**Provided data:**
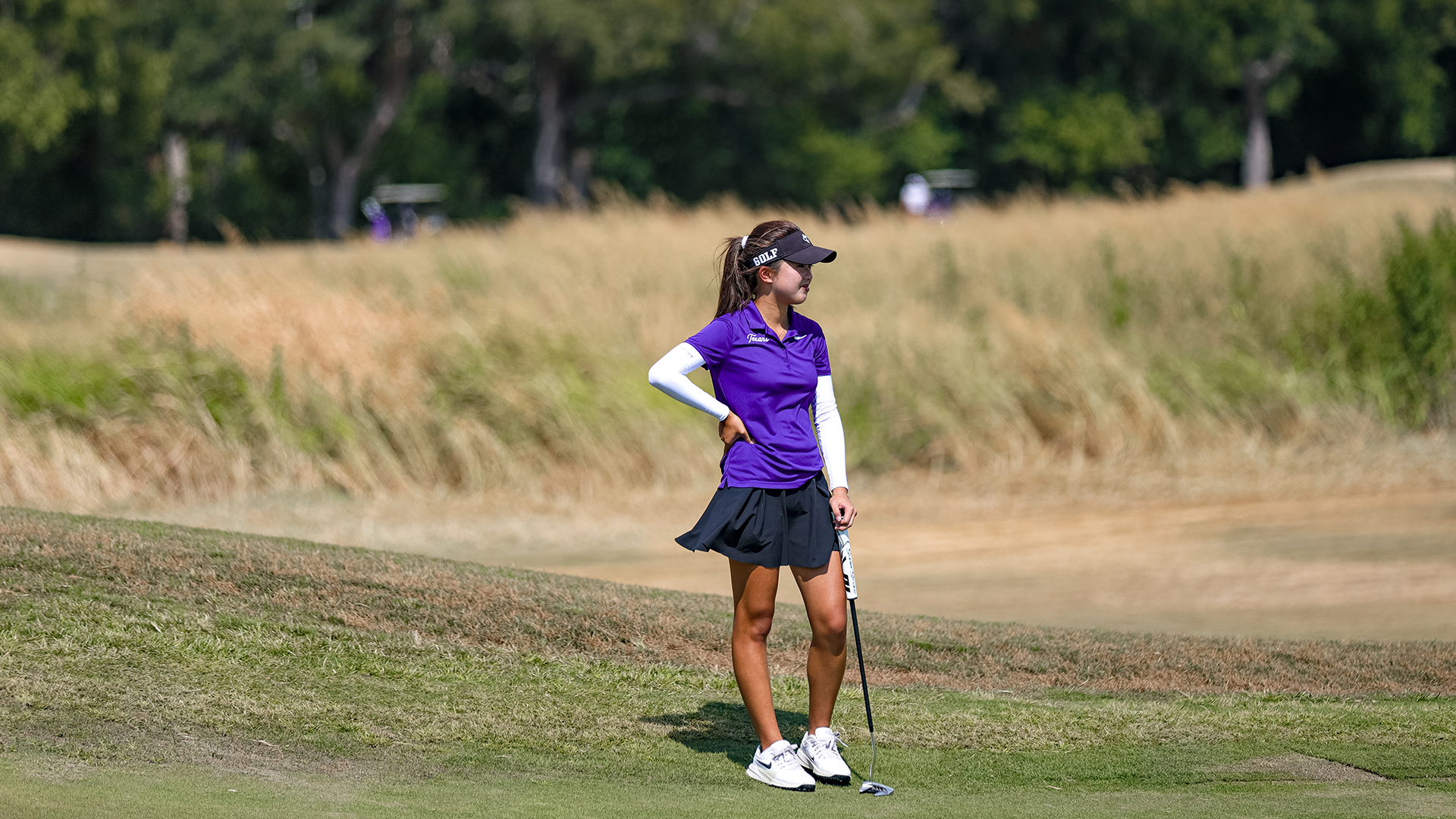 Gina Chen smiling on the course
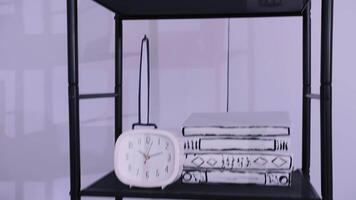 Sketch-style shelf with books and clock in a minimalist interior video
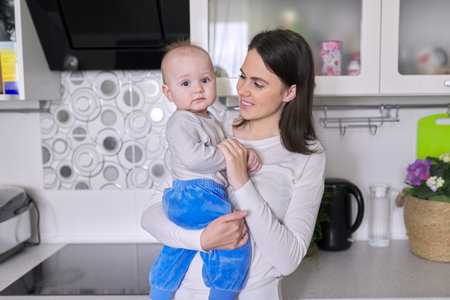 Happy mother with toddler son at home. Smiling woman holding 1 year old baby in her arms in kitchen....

**What is needed:**
Aside from the pictures, repeat the listing exactly.

**Written answer:**
 Gina Chen smiling on the course
 Sketch-style shelf with books and clock in a minimalist interior video
 Happy mother with toddler son at home. Smiling woman holding 1 year old baby in her arms in kitchen....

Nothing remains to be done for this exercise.